I rappresentanti dei Comitati dei pendolari a confronto con l’AD di Trenitalia che scarica le responsabilità sulla Regione e sugli utenti che ci mettono troppo tempo a salire e scendere dalle vetture

Vale per i pendolari di tutta Italia, in rappresentanza dei quali venerdì 8 febbraio si sono riuniti alla Camera del lavoro di Milano i portavoce di diversi comitati.
All’Assemblea nazionale dei pendolari promossa da Legambiente, oltre agli Assessori ai Trasporti di alcune regioni italiane era presente l’Amministratore Delegato di Trenitalia Mauro Moretti.
Sono 500 i pendolari che ogni giorno circloano sui 1.920 km ferroviari del nostro territorio (250 mila solo quelli che gravitano attorno a Milano).
409 stazioni, 1.770 vetture, 3 gestori (Trenitalia, LeNord e Tilo). La musica è sempre la stessa. Treni sovraffollati, sporchi, freddi d’inverno e caldi d’estate; e, soprattutto, mai puntuali.
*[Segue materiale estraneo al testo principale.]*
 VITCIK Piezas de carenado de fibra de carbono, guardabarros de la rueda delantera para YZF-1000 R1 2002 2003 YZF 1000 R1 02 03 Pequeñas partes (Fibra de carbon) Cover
Gli ultimi dati arrivano da un monitoraggio di Legambiente su arrivi e partenze di treni transitanti nelle stazioni di Cadorna, Porta Garibaldi e Centrale. Su 444 vetture, ben 173 portavano un ritardo compreso tra i 5 minuti e l’ora e mezza.
“ Uno dei motivi per cui c’è scarsa puntualità nelle ore di punta è il grande affollamento” Spiega Mauro Moretti, ( ascolta l'intervista)“La gente per salire sul treno ci mette due minuti. Se il tempo previsto per la fermata è di un minuto e si moltiplica il minuto aggiuntivo per ogni fermata, risulta evidente l’inevitabilità dei ritardi”.
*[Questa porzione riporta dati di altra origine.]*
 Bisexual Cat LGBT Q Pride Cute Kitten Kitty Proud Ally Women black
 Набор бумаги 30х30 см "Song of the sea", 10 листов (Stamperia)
D’altra parte vetture che hanno un’età media di 28 anni e migliaia di chilometri di percorrenza alle spalle non possono garantire un sistema di trasporto efficiente.
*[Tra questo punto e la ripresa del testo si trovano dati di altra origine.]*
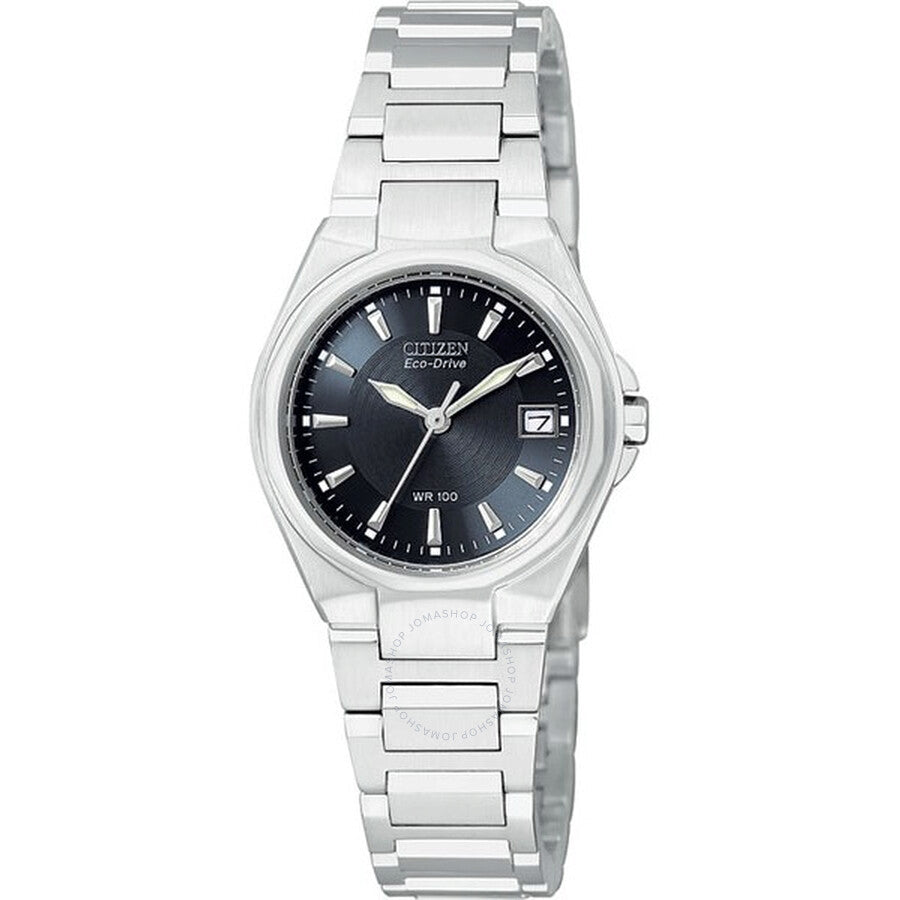 Citizen Silhouette Ladies Eco Drive Stainless Steel Watch EW1380-59L - The Watches Men & Co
Se ci fossero più treni, e se fossero più nuovi, forse, il disagio dei pendolari verrebbe arginato.
Ma per questo naturalmente servono importanti investimenti, che, proprio come i treni, non arrivano mai.
Con l’entrata in vigore della riforma Bassanini, dal 2000 le Regioni sono subentrate allo Stato nel ruolo di interlocutori con i gestori del servizio ferroviario.
Tra Regioni e gestori viene stipulato un Contratto di Servizio, che prevede, a fronte di un corrispettivo economico, l’erogazione di un quantitativo di treni per chilometro quadrato e il rispetto di alcuni indici di qualità (pulizia, informazione, puntualità).
La Lombardia ha in essere tre contratti; con Trenitalia (188 milioni di euro di cui 16.6 di risorse regionali) con LeNord (65 milioni di cui 3.7 di risorse regionali) e con
Ferrovienord per la gestione della rete (78 milioni di cui 3 regionali).
Le casse regionali inoltre, dovrebbero integrare le risorse finanziarie erogate dal Governo, che ogni anno vengono tagliate a favore di investimenti pubblici nazionali (strade, autostrade, linee ad alta velocità).
La Regione, che pure negli ultimi 6 anni ha investito 733 milioni nell’acquisto di materiale rotabile, destina al servizio ferroviario pendolare appena lo 0,62% del suo bilancio complessivo. Ad allargare il gap tra risorse disponibili e risorse indispensabili all’ammodernamento del sistema interviene il nuovo metodo di calcolo dei corrispettivi di Trenitalia, che comporta significativi maggiori costi per le Regioni.
Nel continuo gioco di rimpalli di responsabilità tra Governo, Regioni ed enti gestori, come al solito a rimetterci sono i pendolari di tutta Italia, che ormai giunti ai limiti dell’esasperazione si sono riuniti venerdì scorso alla Camera del lavoro di Milano.
“Prima di investire in autostrade e Tav, bisogna garantire i servizi ai cittadini sui treni locali” lamentano unanimamente i comitati dei pendolari.
“Saremmo anche disposti a pagare di più il biglietto se i treni fossero puntuali. Siamo stufi di viaggiare su carri bestiame!” denuncia Antonio, che ogni giorno deve fare i conti con il calvario Busto Arsizio-Milano.
Finanziamenti e numero di corse, d’altra parte, dovrebbero correre sugli stessi binari: all’aumento dei primi, dovrebbe accopagnarsi una crescita del secondo.
Se le Regioni adottassero una politica lungimirante, incrementerebbero le tariffe, ricavandone liquidità da destinare al trasporto su rotaie.
La tendenza sembra invece quella di una sensibile diminuzione dei convogli disponibili e a lievitare, insieme all’insofferenza dei pendolari, sono solo i prezzi dei biglietti.